今回の弥生美術館のポスターは原田さんがデザインしているのですよ。ミュージアムグッズとしてピンバッチを作る話になった時に「私がデザインしますよ」と連絡があった。ダスティ以降はほどんどデザインされてなかったから、久しぶりの原田治デザインなんですよ。希少品ですね。

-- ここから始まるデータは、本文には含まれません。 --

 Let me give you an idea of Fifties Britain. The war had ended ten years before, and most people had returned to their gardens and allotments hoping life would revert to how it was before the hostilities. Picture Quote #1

ここに展示してある時計(4)には面白い話があって、ある女の子に今回の展覧会の話をして時計を探してると話したら「見つけました!」と連絡があった。どこで見つけたのか聞いたらいつも行く駅の定期売り場に掛けてあると。それで「その定期売り場のおばちゃんに聞いてみます」って展覧会の話をしたら、おばちゃんはオサムグッズの大ファンで集めているそうで、そういうことならと時計とハンカチいくつかをつけてもらいました。